[Crawled caption data]

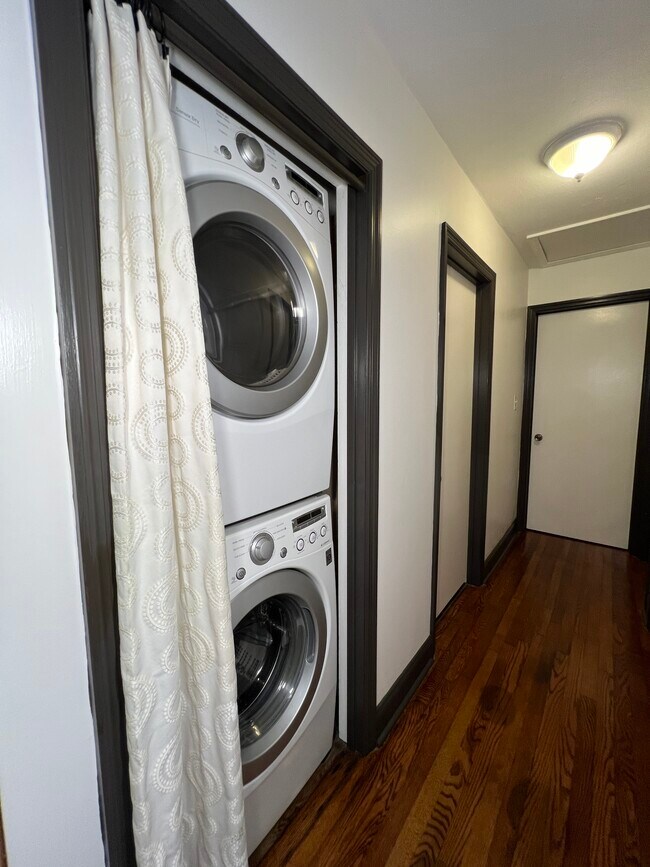 Stacked washer-dryer combo (LG) fits neatly in this nook. - 73 Swannanoa Ave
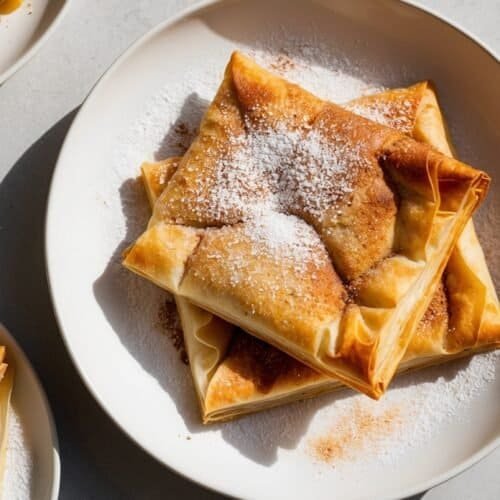 Plates of Moroccan Pastilla pastries, their golden-brown crusts dusted with powdered sugar and almonds, placed on a light-colored surface.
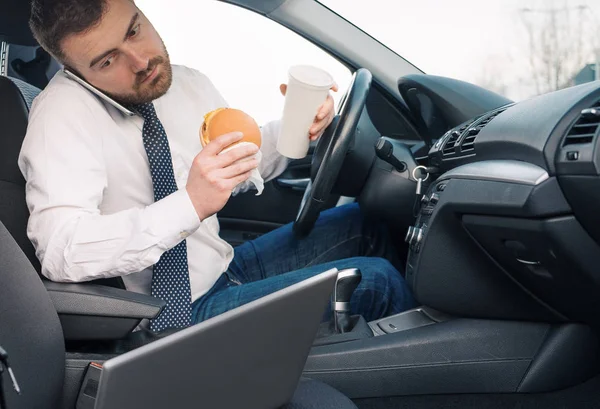 Hombre comiendo comida de engorde y trabajando sentado en coche — Foto de Stock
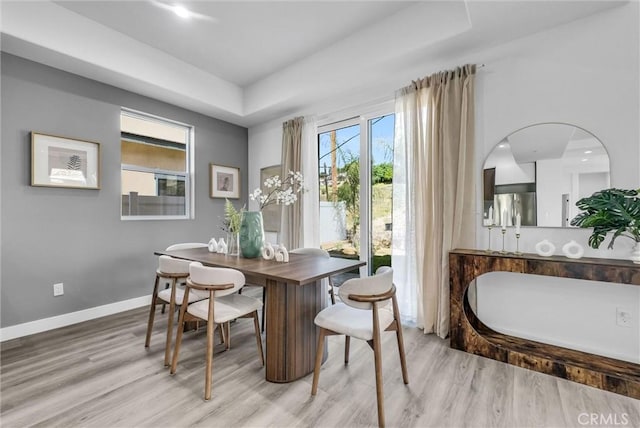 689 Castlehill Dr, Walnut, CA 91789 - dining area with healthy amount of natural light, light wood-type flooring, and baseboards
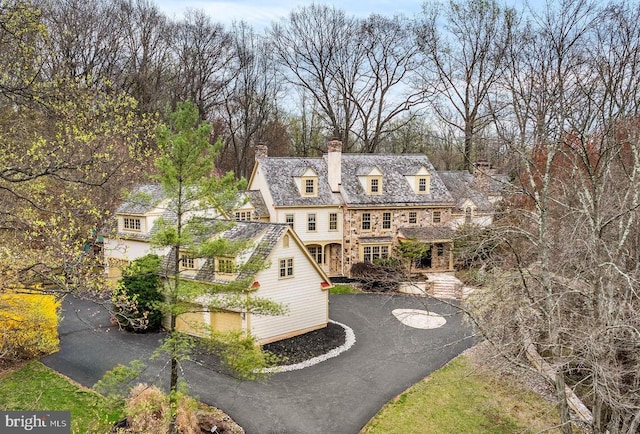 view of front facade with driveway and a chimney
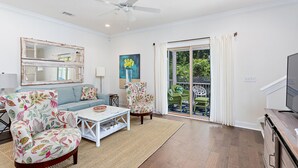 A spacious living room with a sofa, two armchairs, a coffee table, and a television. - 601 Mariners Circle by Hodnett Cooper (St. Simons Island)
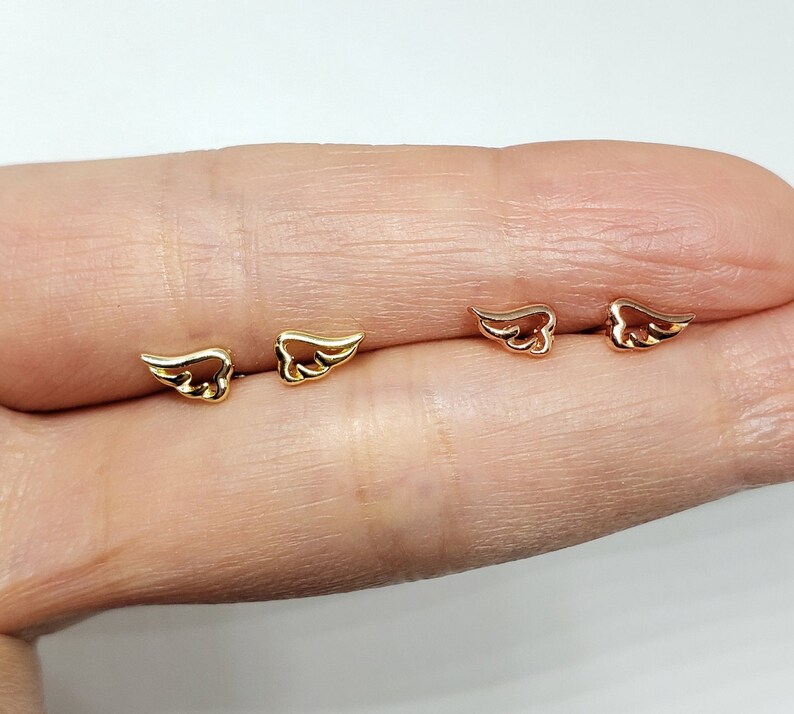 May include: A pair of gold and rose gold angel wing earrings. The earrings are small and delicate, and they are perfect for everyday wear.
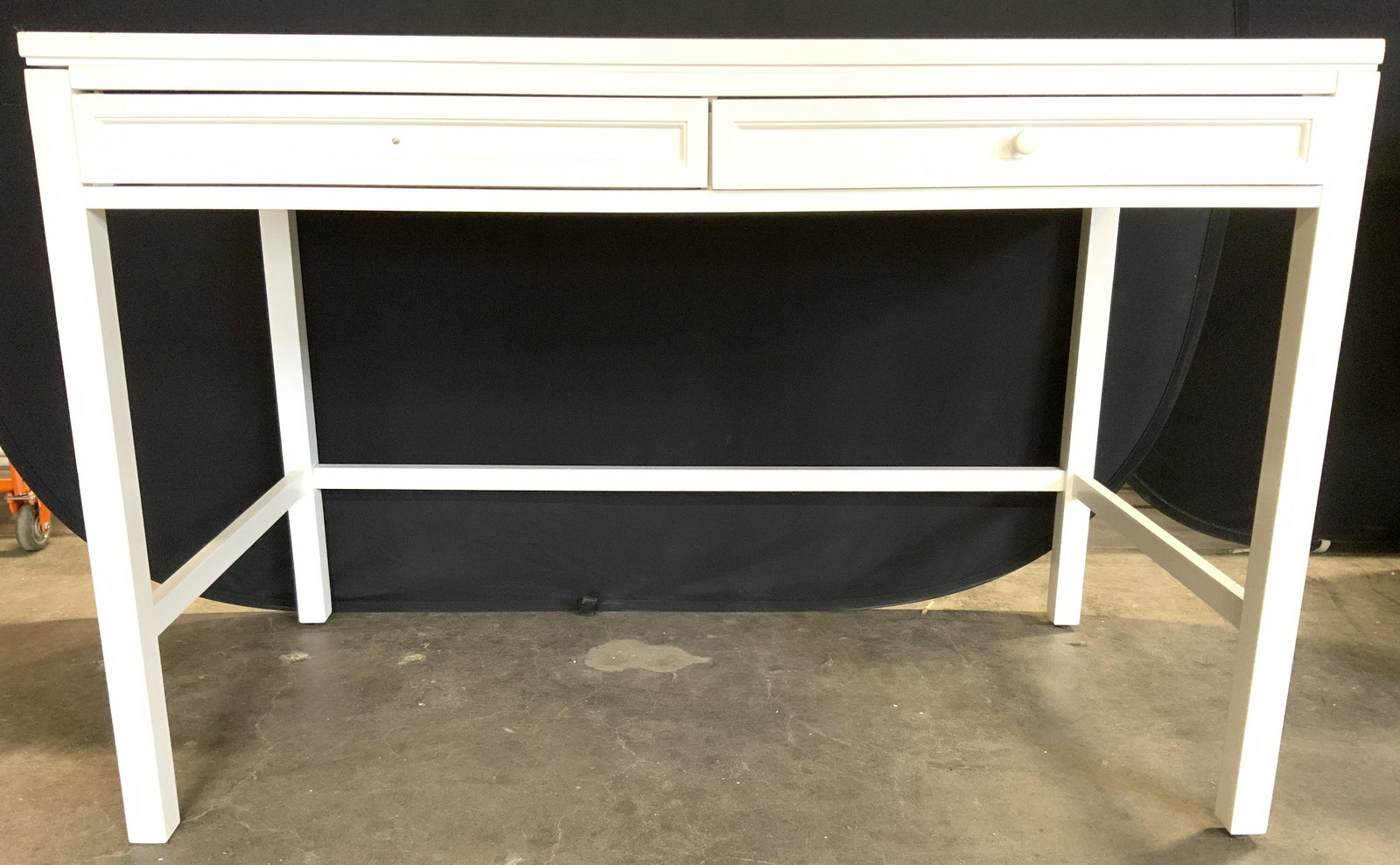 Two Drawer Work Table In Picket Fence White: Work table is in picket Fence white. Piece has 2 drawers one with knob style handles. Table legs have stretchers in between. Piece has metal legs. Measures approx 54.5 inches long 36.5 inches tall 28 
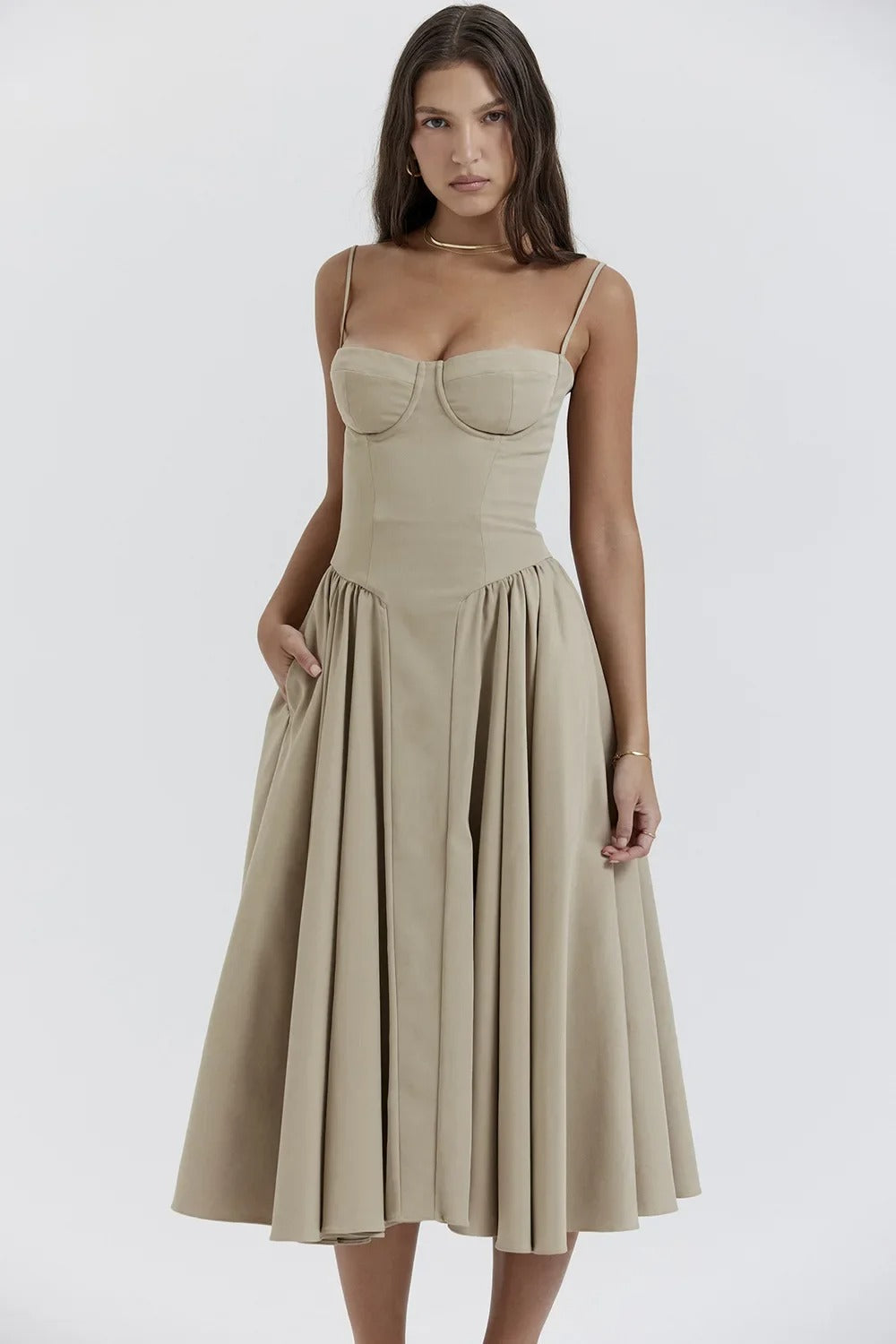 Female wearing a lightweight sleeveless fashion dress on a plain background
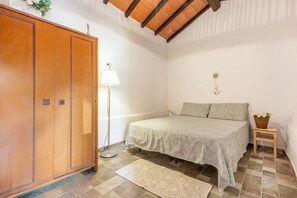 Un dormitorio con cama, armario, lámpara de pie y una mesita con una planta.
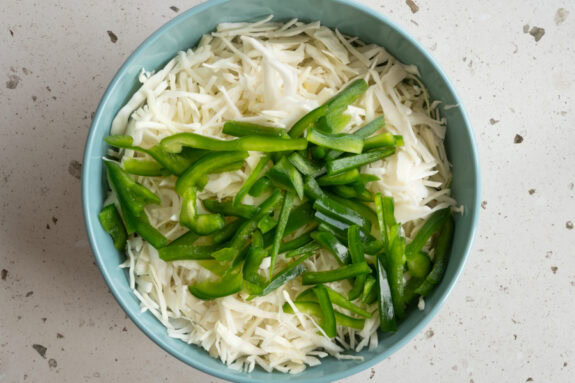 Der rohe Weißkohl und die grüne Paprika sind in einer Schüssel.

# TASK DIRECTIONS:
Transcribe the span of lines that runs from the line with "Two Drawer Work" to the end of the data, both ends included, exactly, with nothing else and no pictures.

# EXERCISE OUTPUT:
 Two Drawer Work Table In Picket Fence White: Work table is in picket Fence white. Piece has 2 drawers one with knob style handles. Table legs have stretchers in between. Piece has metal legs. Measures approx 54.5 inches long 36.5 inches tall 28 
 Female wearing a lightweight sleeveless fashion dress on a plain background
 Un dormitorio con cama, armario, lámpara de pie y una mesita con una planta.
 Der rohe Weißkohl und die grüne Paprika sind in einer Schüssel.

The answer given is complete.